The resignation of Uber co-founder and CEO Travis Kalanick this month is the latest black eye for the company. Kalanick was pressured to resign followed by a period of extraordinary turmoil at the company. Kalanick’s take-no-prisoners management style has left in its wake a long line of unhappy stakeholders: regulators, competitors, drivers, customers, some partners and many of the company’s employees.

The problem lies within the company’s damaged corporate culture, one that’s widely regarded as overly aggressive, sexist and insensitive. When new employees join Uber, they are asked to subscribe to 14 core company values that include bold bets and “always hustlin.” Interviews with current and former employees, as well as reviews of internal emails, chat logs and tape-recorded meetings, paint a picture of an often unrestrained workplace culture. As stated in the New York Times, examples include: “An Uber manager groped female co-workers’ breasts at a company retreat in Las Vegas. A director shouted a homophobic slur at a subordinate during a heated confrontation in a meeting. Another manager threatened to beat an underperforming employee’s head in with a baseball bat.” Current and former employees describe Uber as a Hobbesian environment, in which workers are sometimes pitted against one another and where a blind eye is turned where top performers are concerned.

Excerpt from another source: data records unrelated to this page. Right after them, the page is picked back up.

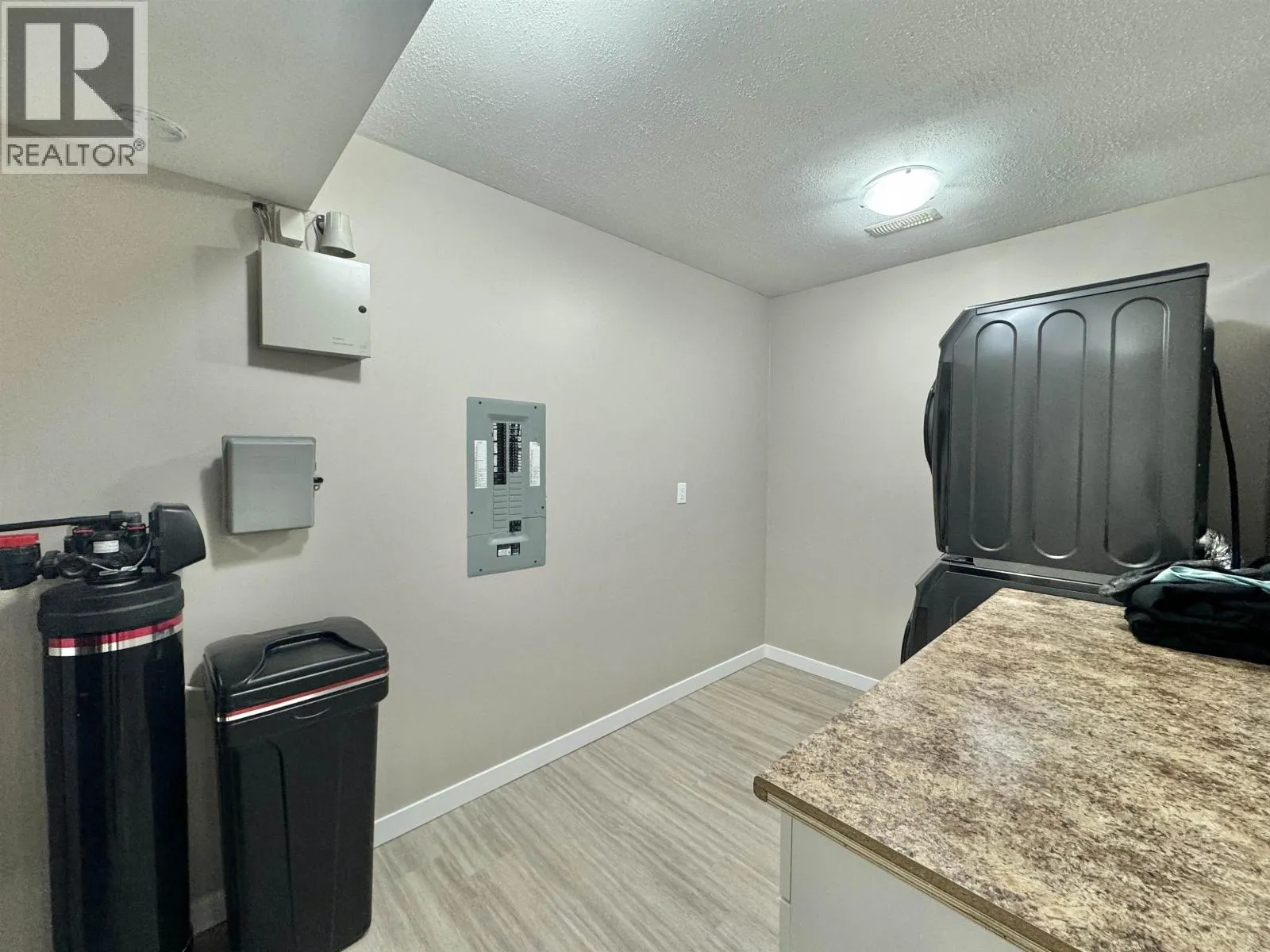 97 EAGLE CRESCENT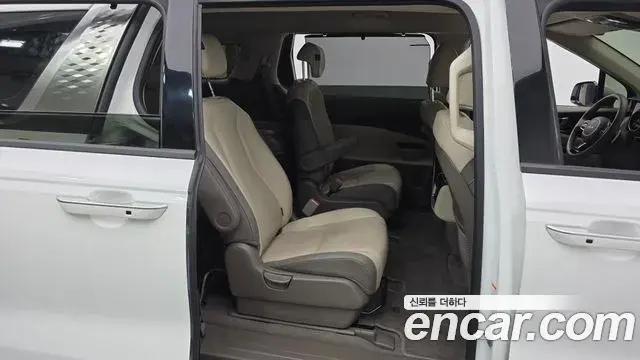 Kia Carnival 2023 — Photo 11/20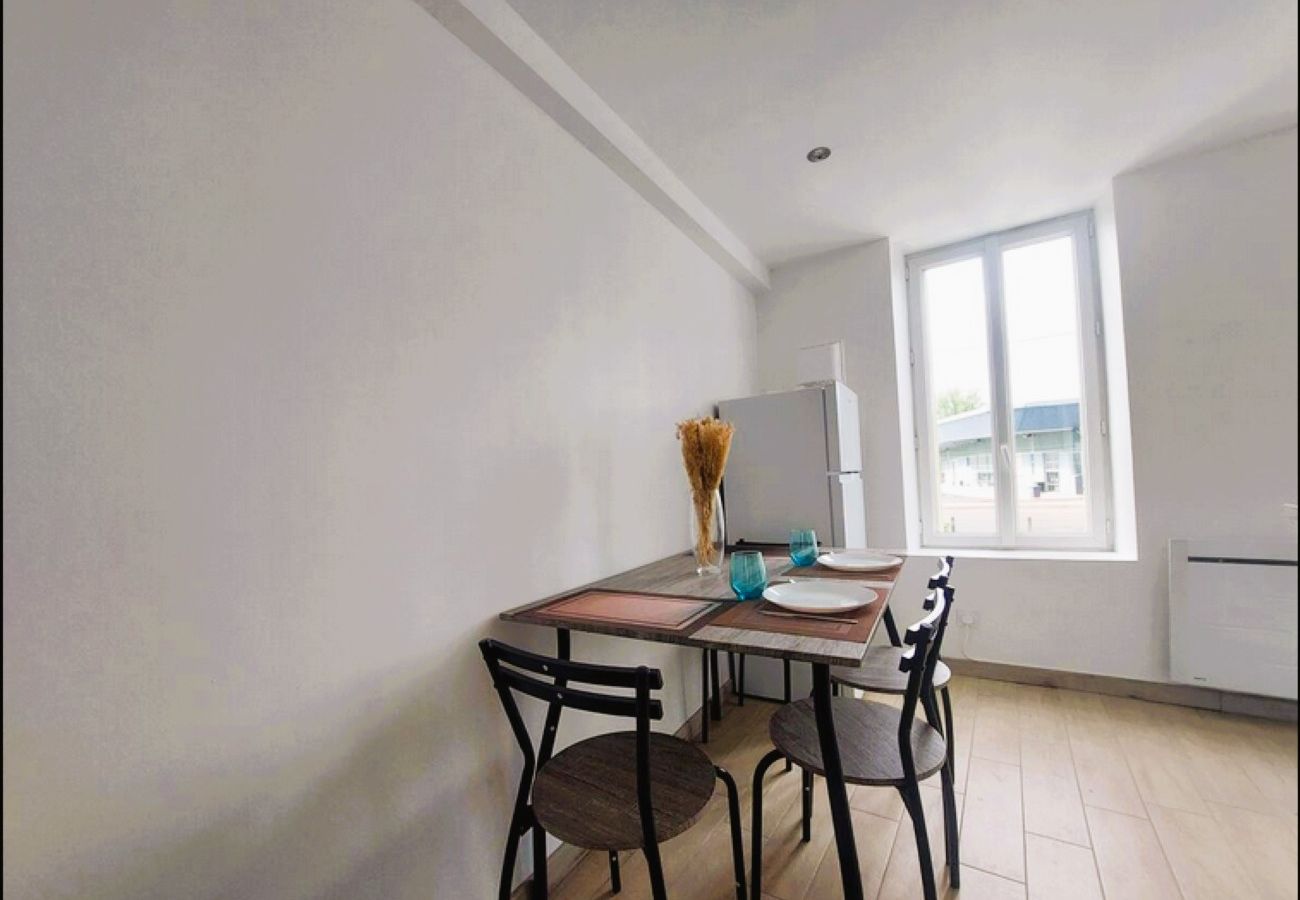 Appartement à Vierzon - Le Little Cosy, calme et confort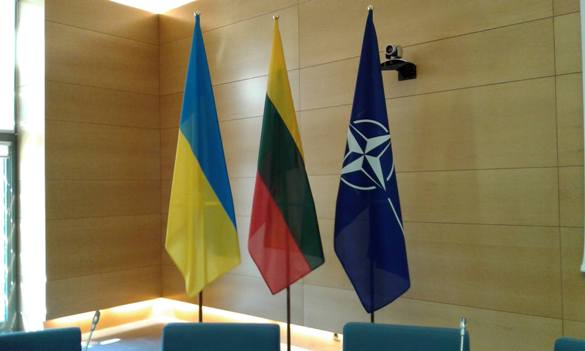 Співробітництво України з НАТО: до чого тут Литва і Білорусь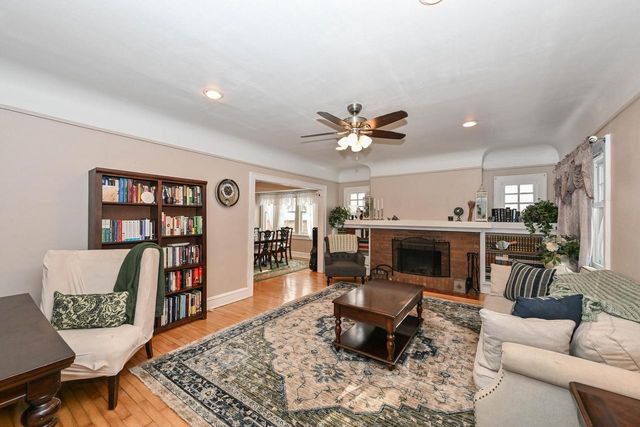 2804 N Grant BOULEVARD, Milwaukee, WI 53210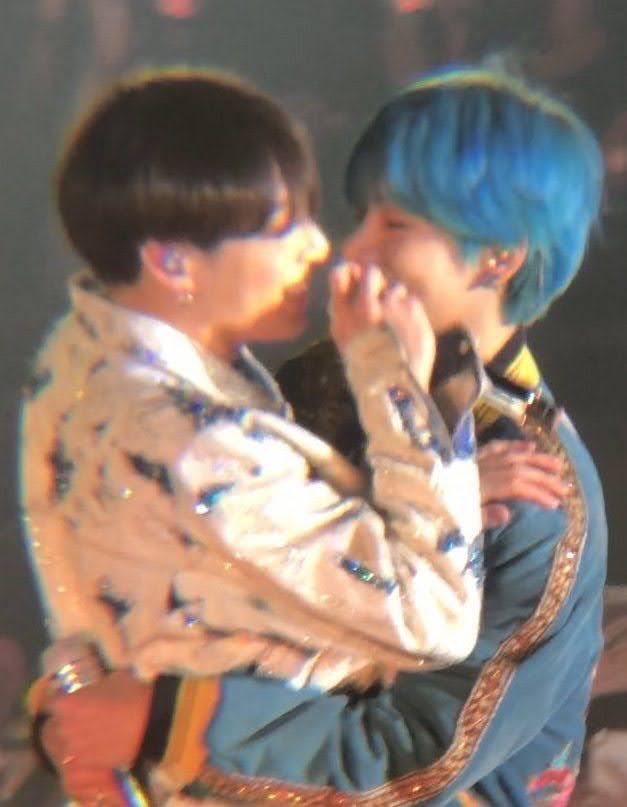 taehyung is the ultimate Jeongguk Tiny Waist enthusiast and i’m here for it 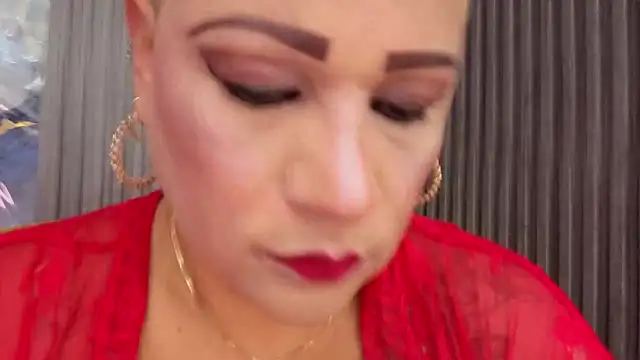 Snapshot of GianellaCox_ chatting on May 6, 2026, 12:09 pm GianellaCox online show from May 6, 2026, 12:09 pm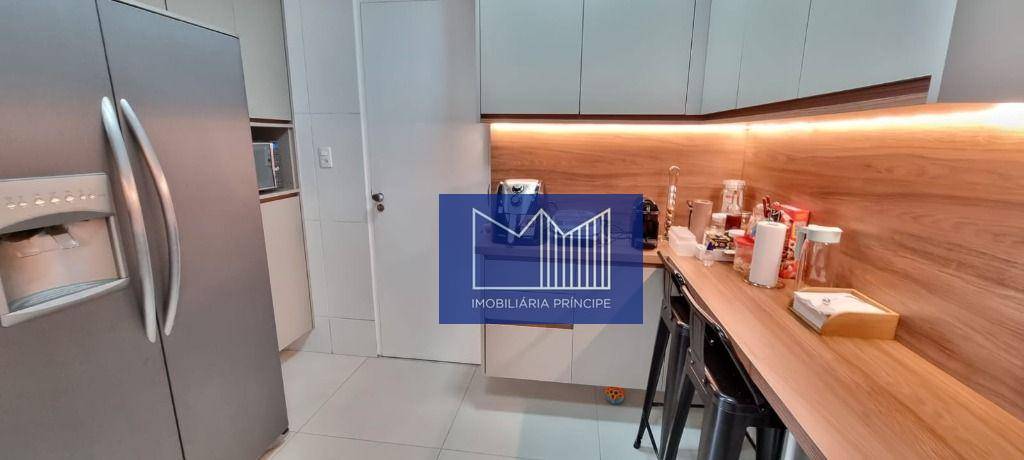 Apartamento à venda com 3 quartos, 138m² - Foto 35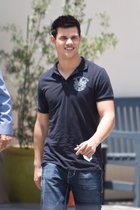 Taylor Lautner : taylor-lautner-1364114208.jpg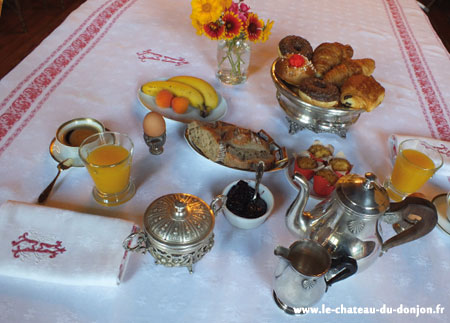 Françoise et Jean Michel vous accueillent dans leur maison d'hôtes située tout proche du lac du Bourget à Aix les Bains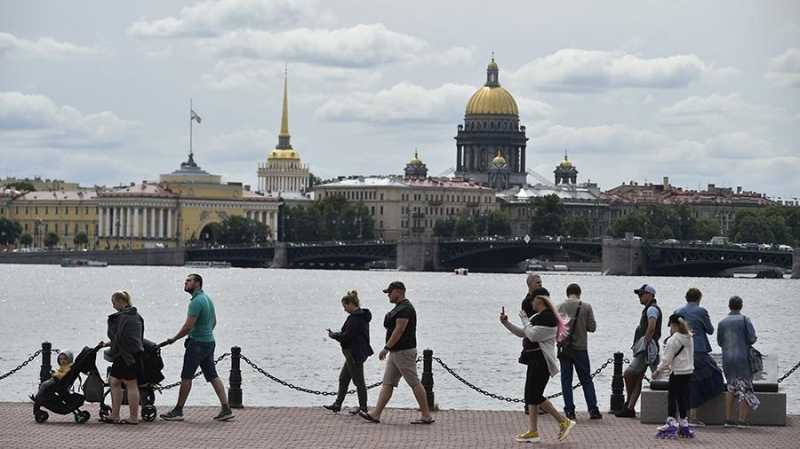 Средний чек трат туристов в Санкт-Петербурге летом обогнал Сочи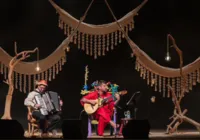 Saulo faz show de forró das antigas no TCA imagem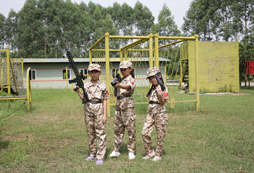廣西軍事夏令營教會孩子學(xué)會感恩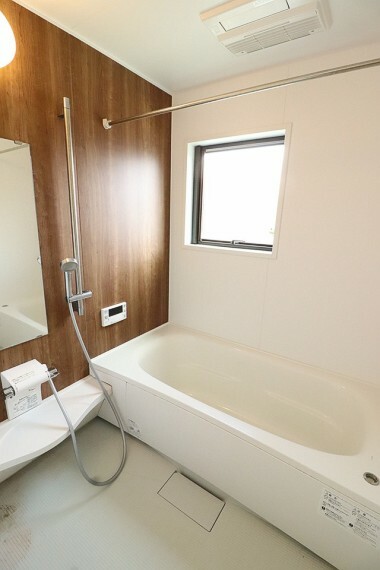 浴室 浴室はPanasonic製のオフローラを採用。 アクアマーブル人造大理石浴槽、W水流シャワー、浴室乾燥機等の機能付きです。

Susan Fowler made the culture known through a published blog about her time at the company. Fowler was an engineer who left Uber in December. She detailed a history of discrimination and sexual harassment/gender discrimination by her managers, which was apparently shrugged off by Uber’s human resources department. Ms. Fowler confirmed that the culture was fostered by the top of the company.

As a result of the social media running rampant on the subject, an internal probe into sexual harassment at the company was initiated. Uber hired outside counsel, Perkin Coie who looked into 215 claims of inappropriate workplace incidents, including everything from bullying to sexual harassment. Uber took no action in 100 instances. Uber has since fired more than 20 employees and Uber CEO Travis Kalanick has since, and not surprisingly, resigned.